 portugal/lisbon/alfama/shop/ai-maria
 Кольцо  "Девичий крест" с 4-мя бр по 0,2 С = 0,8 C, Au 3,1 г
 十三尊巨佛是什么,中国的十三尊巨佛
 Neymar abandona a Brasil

==

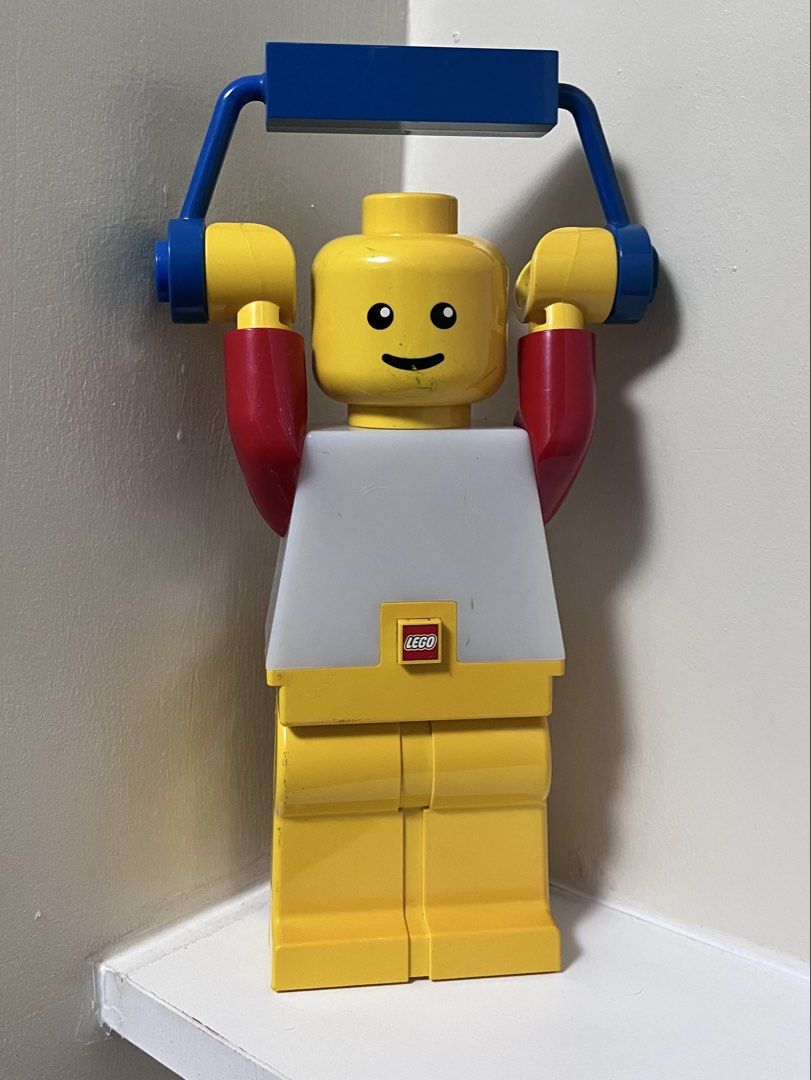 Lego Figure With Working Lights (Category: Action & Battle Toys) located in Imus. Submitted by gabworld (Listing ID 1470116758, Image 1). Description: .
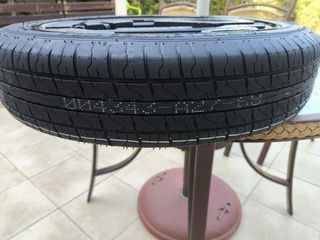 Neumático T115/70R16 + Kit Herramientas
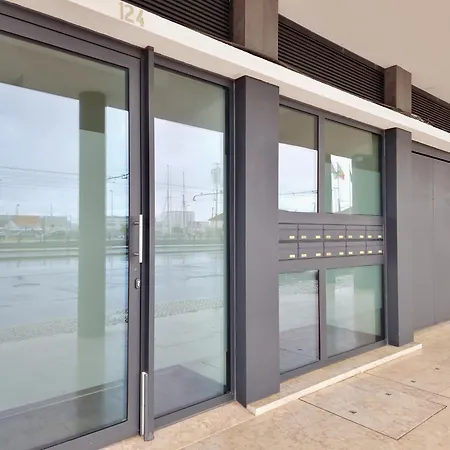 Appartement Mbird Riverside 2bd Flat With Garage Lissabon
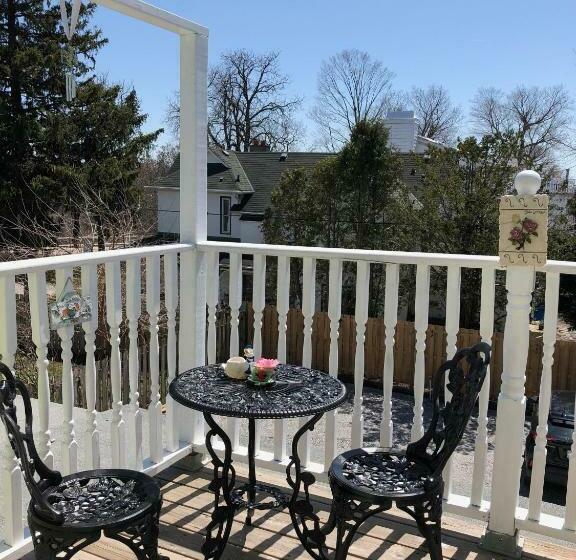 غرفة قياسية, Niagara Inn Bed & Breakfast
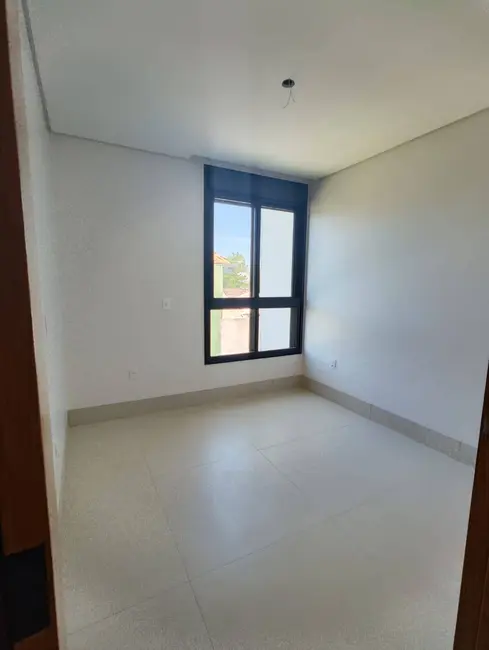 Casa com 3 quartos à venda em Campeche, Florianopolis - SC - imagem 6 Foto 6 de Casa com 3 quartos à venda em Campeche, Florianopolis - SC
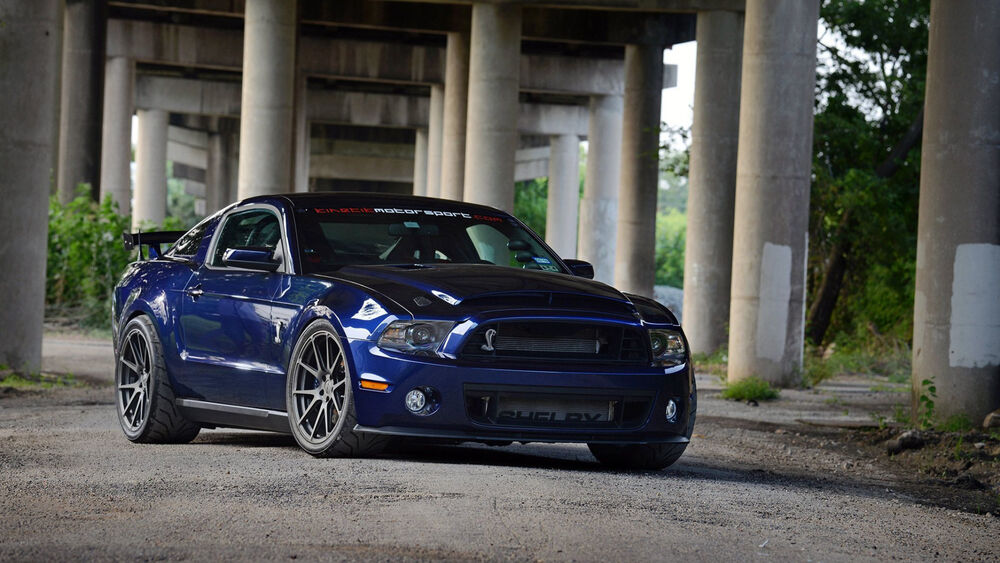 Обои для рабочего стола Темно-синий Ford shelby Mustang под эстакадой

* * *

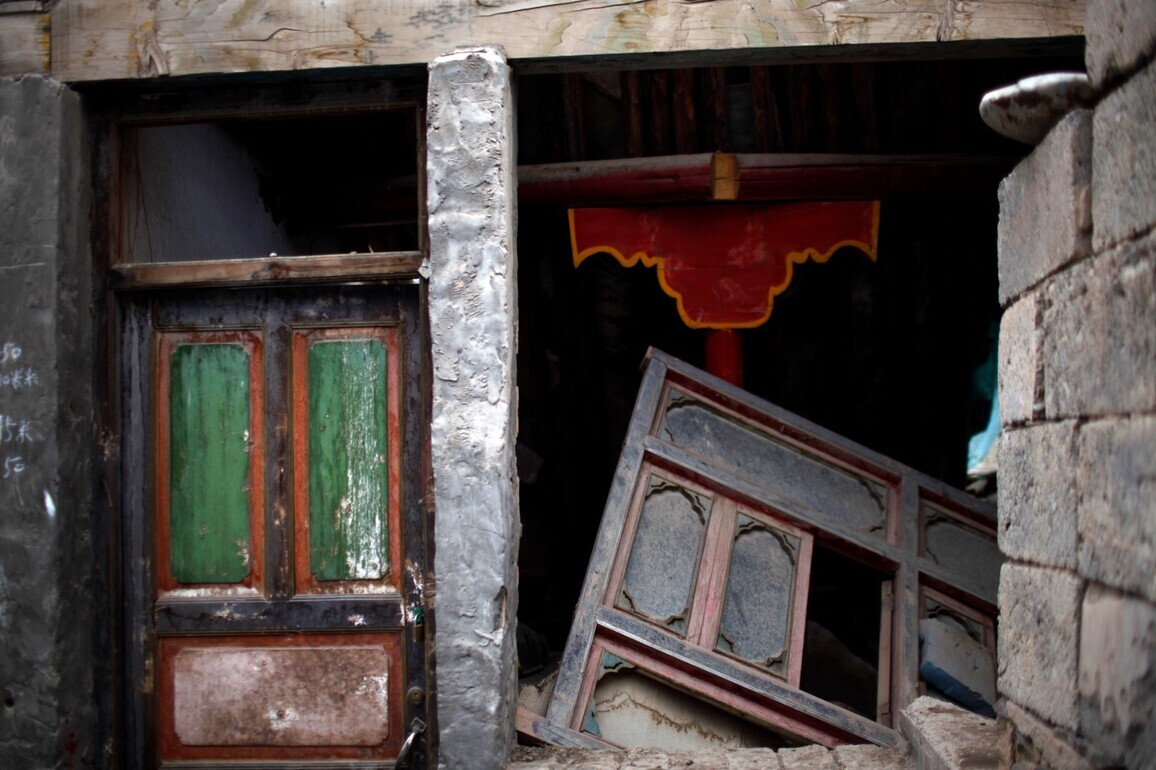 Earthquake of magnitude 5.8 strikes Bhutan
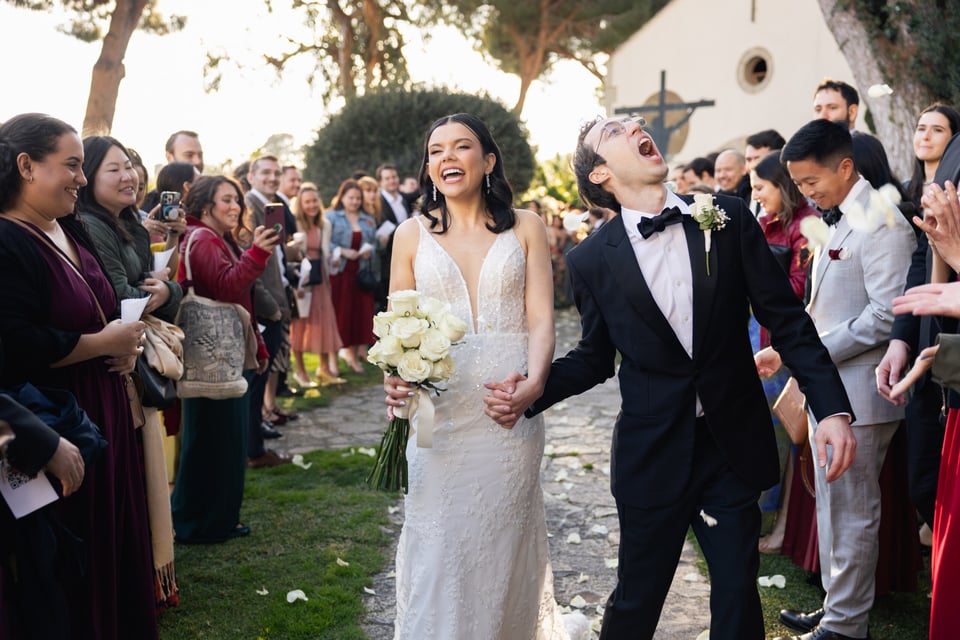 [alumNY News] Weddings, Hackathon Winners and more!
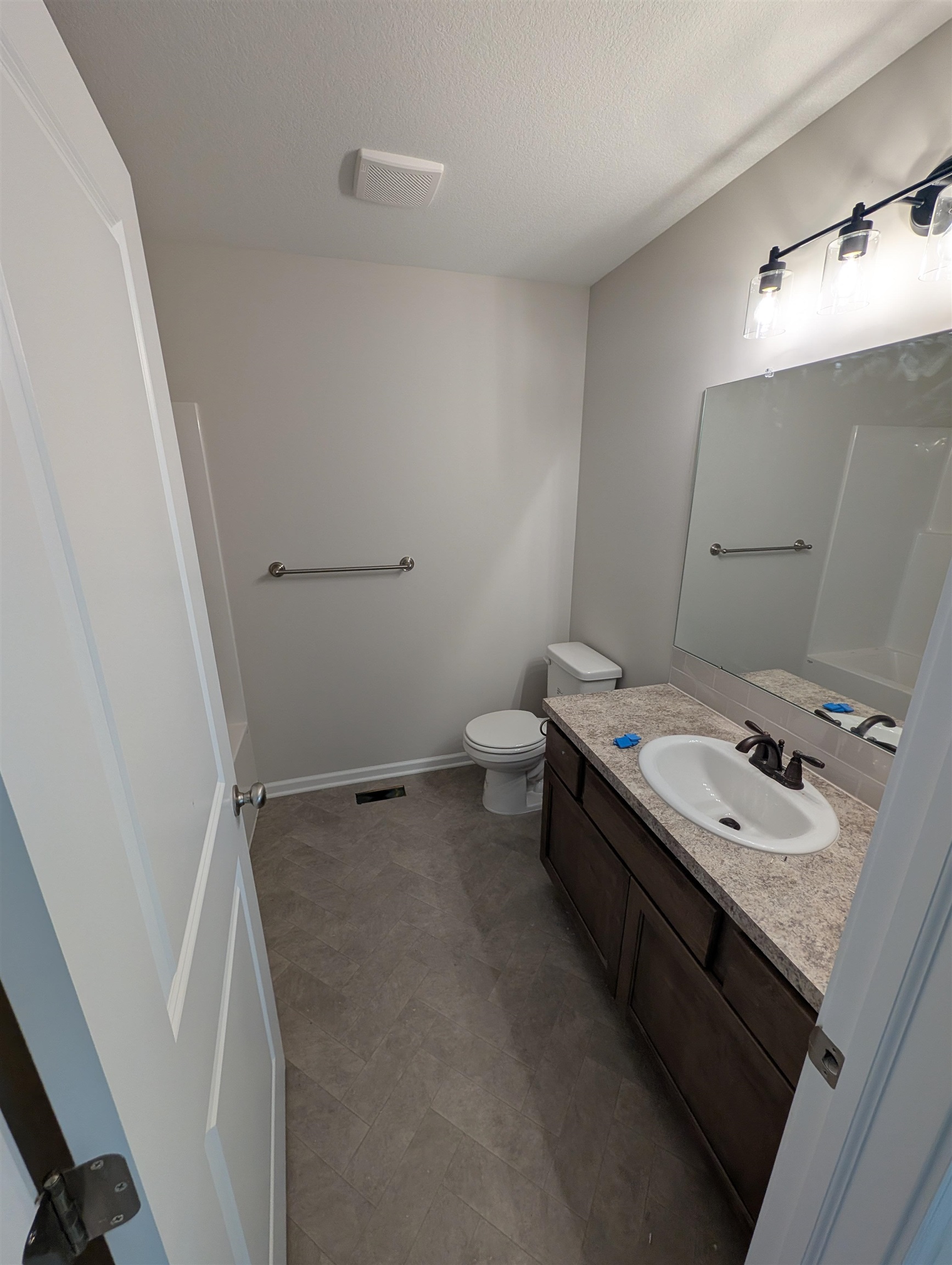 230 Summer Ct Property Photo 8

YOUR OBJECTIVE.
Would you print exactly, and only, the lines of the data above from the line with "portugal/lisbon/alfama/shop/ai-maria" through the line with "Neymar abandona a Brasil", inclusive?

TASK RESPONSE.
 portugal/lisbon/alfama/shop/ai-maria
 Кольцо  "Девичий крест" с 4-мя бр по 0,2 С = 0,8 C, Au 3,1 г
 十三尊巨佛是什么,中国的十三尊巨佛
 Neymar abandona a Brasil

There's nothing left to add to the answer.